While I haven’t yet fully unpacked this habit to appreciate or understand why I do it, I have some solid ideas to help explain it. For the most part it comes down to the ridiculously low level I place myself at. In viewing myself as sub-par and sub-standard, it makes it easy to throw everyone else up to places that aren’t necessarily accurate.
I typically do this with 90% of the people I meet. For whatever reason, be it their social standing, their beliefs or even the manner through which they live their life, I almost instantly see it as something better than me and mine.
It isn’t a wallowing better-than-me comparison though. On the contrary, I will often look at these people on the pedestals I have crafted for them and marvel at them. I want to be more like them. I strive to embody whichever trait or characteristic it is that I initially put such a heavy value on.
As with a lot of things though, I eventually do wake up but it can take me some time before I allow myself to be privy to the idea that people aren’t the perfect idols I have made them out to be.
I had one of these shifts in perspective a few weeks back. The shift came after months of confusion, uncertainty and deep hurt and pain on my part. I’ve experienced some pretty dark periods when it comes to a particular relationship and I had chalked those more painful emotions up to my own faults and weaknesses. Maybe I was the one who was making something out of nothing. Perhaps I was seeing things that weren’t really there. My neurosis has landed me deep in some pretty out there thinking in the past so why should this particular circumstance and relationship be any different? It was likely a neurotic, over-analyzed situation that was playing out far differently in my head than what was actually happening in reality.
I pinned it all on myself. Blamed myself for my thoughts and confusion. Chalked it up, once again to my being a lesser person than the other person who I had thought was pretty perfect.
A strange thing happens though, when I begin to notice that people are human. I compare it to that time that seems to inevitably happen in anyone’s life when they come to see their parents not so much as their parents but as human. You realize they have faults too and struggle with things.

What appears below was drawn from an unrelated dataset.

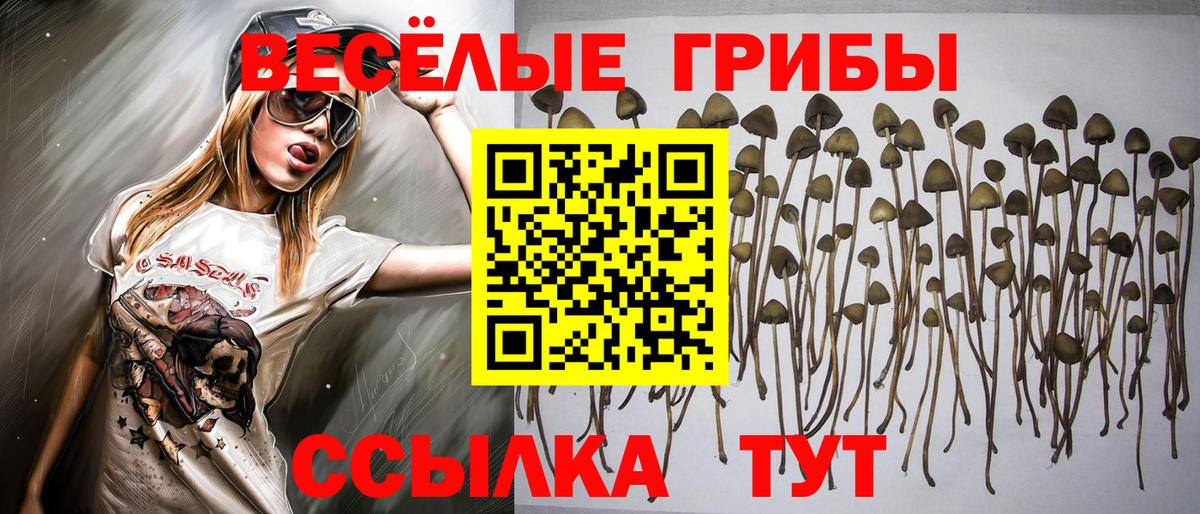 Псилоцибиновые грибы мицелий  Вход с VPN  купить закладку  Белореченск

It’s an incredibly humbling feeling and for me an unbelievably eye-opening one too.
It isn’t something that makes me feel superior. It doesn’t involve an ounce of comparison or judgement even. It’s a subtle yet powerful realization which can sometimes bring about an awakening and sometimes remind me that we’re all the same.
With the particular relationship I am referencing here, it has helped me to let go and has also allowed me a certain level of grace and forgiveness directed towards myself. Which feels very foreign but not altogether unpleasant.
In a strange turn of events, it has allowed me to see that my intuition is trustworthy. It has allowed me to lift the self-imposed blame I have been carrying for months. It has taken away the shame and confusion and uncertainty.
Perhaps most importantly, it has allowed me to take a great deal of power back and make some space in my own heart for me. I have been carrying this person for a while; I’ve been carrying a lot of their energy which I now understand isn’t something I necessarily asked for, but was rather placed on me. I didn’t walk into this situation. I didn’t complicate it.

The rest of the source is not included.